Speaker
Description
In 2003, Isabelle Grillo published a highly publicized article on Le Pastis, analyzing with SANS the large-scale structure of droplets responsible for the famous milky appearance of this Mediterranean drink. At the same time, the seminal article of Vitale and Katz on the “Ouzo effect” appeared. These two references kindled an ever-growing field of applied and fundamental research.
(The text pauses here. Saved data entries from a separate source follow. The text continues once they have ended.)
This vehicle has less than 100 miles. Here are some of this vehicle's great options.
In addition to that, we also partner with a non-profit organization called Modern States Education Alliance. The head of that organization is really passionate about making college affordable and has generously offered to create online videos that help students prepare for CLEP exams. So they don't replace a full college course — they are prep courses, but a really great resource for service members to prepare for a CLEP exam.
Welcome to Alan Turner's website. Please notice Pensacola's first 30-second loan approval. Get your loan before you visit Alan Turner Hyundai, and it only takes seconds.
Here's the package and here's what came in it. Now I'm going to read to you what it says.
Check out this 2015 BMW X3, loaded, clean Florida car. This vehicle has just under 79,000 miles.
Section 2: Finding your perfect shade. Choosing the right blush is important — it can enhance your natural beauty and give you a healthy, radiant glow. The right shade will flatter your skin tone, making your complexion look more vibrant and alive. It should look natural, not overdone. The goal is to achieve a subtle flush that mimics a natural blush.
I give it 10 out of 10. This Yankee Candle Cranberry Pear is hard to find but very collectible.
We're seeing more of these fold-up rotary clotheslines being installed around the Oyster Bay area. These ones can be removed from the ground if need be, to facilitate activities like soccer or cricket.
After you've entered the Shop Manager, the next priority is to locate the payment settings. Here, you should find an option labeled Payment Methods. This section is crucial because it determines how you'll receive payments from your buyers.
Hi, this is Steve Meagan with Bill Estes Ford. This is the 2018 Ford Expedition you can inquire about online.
Isabelle recently worked with Leonardo Chiappisi on a South-Italian drink, “Limoncello”, where droplets are formed whose size remains much smaller than for Ouzo. With her continuous interest in such common and (only) seemingly simple systems, Isabelle and I joined the team led by Thomas Zemb and Werner Kunz on “pre-Ouzo”: nanoscale fluctuations of concentrations in mixtures of liquids, otherwise known as UltraFlexible MicroeEmulsions or Surfactant-Free MicroEmulsions, to understand their relation to the Ouzo phenomenon. SAXS data on ID02 and SANS data on D11 and D33 at ILL demonstrated that Ouzo is in fact a metastable equilibrium between two fluids with nanoscale organization. I will show the current results of our work and the future steps we will undertake to reveal the complexity of these ordinary fluid mixtures.